Soft privatization

Max Sawicky sawicky at epinet.org
Mon Aug 10 12:14:30 PDT 1998


Mat,


> . . .
>Right. But even in social cost benefit analysis, CBA means
>something much more specific than weighing the pros and cons of something.
Everything has to be translated and compared in money terms and that means that many things that do not (and should not) have a market value have to be assigned $values (like the value of a human life, human health, a species, nature, etc.) and this raises a lot of technical, and ethical, problems.>>

If you don't measure, how do you make decisions? Any comparison of alternatives is an implicit measurement, ordinal at the very least (e.g., the good overshadows the bad). Isn't it better to bring more information rather than less to such a choice?

You might be saying CBA assigns undue wisdom to economists, which is unimpeachable, but to assign none is going a bit too far, especially for you.

I don't think you get out of the woods with cost-effectiveness, since the benefit side is "politically" determined apparently by less reference to measurable benefits and more to . . . what?

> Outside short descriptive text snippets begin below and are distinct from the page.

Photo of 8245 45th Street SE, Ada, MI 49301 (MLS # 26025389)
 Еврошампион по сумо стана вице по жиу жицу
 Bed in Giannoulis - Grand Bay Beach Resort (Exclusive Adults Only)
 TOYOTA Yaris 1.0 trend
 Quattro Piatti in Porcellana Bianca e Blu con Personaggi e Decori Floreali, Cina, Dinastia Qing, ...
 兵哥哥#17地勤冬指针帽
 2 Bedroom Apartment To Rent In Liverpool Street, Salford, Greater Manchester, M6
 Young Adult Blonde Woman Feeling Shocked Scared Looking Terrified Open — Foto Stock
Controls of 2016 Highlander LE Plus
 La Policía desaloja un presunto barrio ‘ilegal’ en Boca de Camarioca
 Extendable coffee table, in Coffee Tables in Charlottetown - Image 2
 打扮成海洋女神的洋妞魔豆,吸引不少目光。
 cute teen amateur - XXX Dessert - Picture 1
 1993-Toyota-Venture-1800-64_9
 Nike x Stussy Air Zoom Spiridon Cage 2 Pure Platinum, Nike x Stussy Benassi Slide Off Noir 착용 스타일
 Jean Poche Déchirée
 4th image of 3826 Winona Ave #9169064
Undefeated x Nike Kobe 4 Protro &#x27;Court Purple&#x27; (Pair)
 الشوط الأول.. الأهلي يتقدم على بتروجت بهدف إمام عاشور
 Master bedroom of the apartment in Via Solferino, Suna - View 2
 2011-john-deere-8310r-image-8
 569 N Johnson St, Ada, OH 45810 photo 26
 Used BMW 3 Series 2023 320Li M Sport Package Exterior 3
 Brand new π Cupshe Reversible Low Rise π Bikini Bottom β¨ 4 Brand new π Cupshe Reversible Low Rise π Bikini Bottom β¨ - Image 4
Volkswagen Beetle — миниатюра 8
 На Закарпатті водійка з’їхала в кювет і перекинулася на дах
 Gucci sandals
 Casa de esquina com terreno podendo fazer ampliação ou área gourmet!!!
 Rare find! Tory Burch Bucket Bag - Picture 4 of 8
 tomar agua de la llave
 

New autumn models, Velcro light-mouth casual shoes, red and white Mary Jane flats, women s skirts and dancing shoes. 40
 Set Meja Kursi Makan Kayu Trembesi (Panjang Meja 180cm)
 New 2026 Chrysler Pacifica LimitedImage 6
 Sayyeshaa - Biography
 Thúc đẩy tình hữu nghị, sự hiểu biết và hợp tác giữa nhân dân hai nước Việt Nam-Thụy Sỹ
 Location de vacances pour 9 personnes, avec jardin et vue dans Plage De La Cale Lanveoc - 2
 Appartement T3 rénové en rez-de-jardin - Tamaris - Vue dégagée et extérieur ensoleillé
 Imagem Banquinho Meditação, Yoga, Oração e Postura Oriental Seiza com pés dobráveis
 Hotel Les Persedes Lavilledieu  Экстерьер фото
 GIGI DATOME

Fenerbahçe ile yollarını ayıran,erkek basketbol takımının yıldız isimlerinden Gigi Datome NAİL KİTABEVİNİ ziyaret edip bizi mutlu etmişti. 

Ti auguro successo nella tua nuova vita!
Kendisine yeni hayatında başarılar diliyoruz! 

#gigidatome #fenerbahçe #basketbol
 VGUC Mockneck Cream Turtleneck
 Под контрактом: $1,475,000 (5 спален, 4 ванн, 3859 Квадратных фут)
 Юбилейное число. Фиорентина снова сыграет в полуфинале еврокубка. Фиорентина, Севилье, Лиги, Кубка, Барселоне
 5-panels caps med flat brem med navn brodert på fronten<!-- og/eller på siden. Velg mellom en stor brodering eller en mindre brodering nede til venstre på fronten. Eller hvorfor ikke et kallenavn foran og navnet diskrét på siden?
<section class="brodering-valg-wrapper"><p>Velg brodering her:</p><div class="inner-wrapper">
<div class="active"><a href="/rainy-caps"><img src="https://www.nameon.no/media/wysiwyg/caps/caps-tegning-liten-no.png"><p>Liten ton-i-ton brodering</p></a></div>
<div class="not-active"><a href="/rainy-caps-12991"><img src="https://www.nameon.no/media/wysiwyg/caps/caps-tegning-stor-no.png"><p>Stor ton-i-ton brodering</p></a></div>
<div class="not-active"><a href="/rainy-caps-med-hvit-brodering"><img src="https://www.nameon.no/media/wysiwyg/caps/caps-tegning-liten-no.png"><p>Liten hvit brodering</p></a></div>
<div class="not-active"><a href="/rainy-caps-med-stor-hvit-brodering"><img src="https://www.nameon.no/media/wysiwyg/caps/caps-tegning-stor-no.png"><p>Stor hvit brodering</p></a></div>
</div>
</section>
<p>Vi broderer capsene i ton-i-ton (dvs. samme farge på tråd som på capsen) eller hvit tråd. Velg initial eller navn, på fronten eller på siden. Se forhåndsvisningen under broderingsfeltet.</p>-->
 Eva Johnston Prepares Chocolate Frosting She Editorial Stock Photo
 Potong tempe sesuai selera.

>Well, having said above that cost should be one consideration, i think we
would be better off working to combat the misconceptions about government deficits and the national debt and the myth of scarcity in a society with unemployed resources, etc. This is why I have a problem with the groups that put a lot of emphasis on the dangers of the national debt when they say we can clean up the environment and eliminate the national debt by taxing pollution.>>

As w/Marta, you're preaching to the choir. However debt is viewed, I'm afraid that the decision to SPEND depends on the public's confidence in government efficiency. Any money spent can also be used for tax cuts. I think people realize this. There is still an onus on spending to prove its mettle.